**Exercise details:** From the listing below, copy only the lines from the line that contains "Property Slideshow image" to the line that contains "Palacio Legislativo Despiden", counting those two lines as part of the copy.
Recorded data below:
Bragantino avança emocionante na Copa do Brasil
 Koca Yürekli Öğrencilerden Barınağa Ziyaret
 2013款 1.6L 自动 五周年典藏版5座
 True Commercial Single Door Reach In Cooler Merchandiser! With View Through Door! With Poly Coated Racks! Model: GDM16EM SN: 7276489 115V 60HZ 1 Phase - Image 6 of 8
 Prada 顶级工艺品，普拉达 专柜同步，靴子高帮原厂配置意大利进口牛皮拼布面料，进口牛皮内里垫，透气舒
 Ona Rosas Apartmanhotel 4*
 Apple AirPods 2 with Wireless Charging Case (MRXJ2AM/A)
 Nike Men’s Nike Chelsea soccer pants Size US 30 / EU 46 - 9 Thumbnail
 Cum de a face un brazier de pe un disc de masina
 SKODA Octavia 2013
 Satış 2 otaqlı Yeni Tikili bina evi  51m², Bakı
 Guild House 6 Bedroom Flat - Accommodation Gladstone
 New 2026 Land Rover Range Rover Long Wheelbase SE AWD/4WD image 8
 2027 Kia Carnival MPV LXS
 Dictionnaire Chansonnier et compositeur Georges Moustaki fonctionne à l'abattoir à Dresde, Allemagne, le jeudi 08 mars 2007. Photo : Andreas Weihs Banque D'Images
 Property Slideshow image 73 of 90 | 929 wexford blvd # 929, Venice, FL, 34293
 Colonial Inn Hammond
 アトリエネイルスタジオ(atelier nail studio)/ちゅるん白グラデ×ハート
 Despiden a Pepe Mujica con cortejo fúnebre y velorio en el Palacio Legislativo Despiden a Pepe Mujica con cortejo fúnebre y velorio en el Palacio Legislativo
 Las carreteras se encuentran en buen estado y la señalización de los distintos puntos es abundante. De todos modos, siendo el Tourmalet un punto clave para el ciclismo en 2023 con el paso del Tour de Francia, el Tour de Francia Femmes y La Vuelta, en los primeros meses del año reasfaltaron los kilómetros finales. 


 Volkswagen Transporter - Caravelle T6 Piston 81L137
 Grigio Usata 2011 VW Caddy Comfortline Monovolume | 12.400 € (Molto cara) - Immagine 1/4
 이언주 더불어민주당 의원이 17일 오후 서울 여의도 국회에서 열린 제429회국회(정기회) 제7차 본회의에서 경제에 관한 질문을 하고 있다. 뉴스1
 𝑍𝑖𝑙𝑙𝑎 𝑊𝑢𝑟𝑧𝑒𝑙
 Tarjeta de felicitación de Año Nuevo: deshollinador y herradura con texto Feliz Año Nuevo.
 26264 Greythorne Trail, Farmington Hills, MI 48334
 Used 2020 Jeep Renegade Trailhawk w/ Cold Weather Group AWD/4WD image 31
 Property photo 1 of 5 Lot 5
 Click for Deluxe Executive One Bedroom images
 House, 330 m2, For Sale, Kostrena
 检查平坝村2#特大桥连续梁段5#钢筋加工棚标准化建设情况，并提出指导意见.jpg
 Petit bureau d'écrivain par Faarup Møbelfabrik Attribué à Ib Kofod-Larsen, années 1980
End of Recorded data.
**The completed task:**
 Property Slideshow image 73 of 90 | 929 wexford blvd # 929, Venice, FL, 34293
 Colonial Inn Hammond
 アトリエネイルスタジオ(atelier nail studio)/ちゅるん白グラデ×ハート
 Despiden a Pepe Mujica con cortejo fúnebre y velorio en el Palacio Legislativo Despiden a Pepe Mujica con cortejo fúnebre y velorio en el Palacio Legislativo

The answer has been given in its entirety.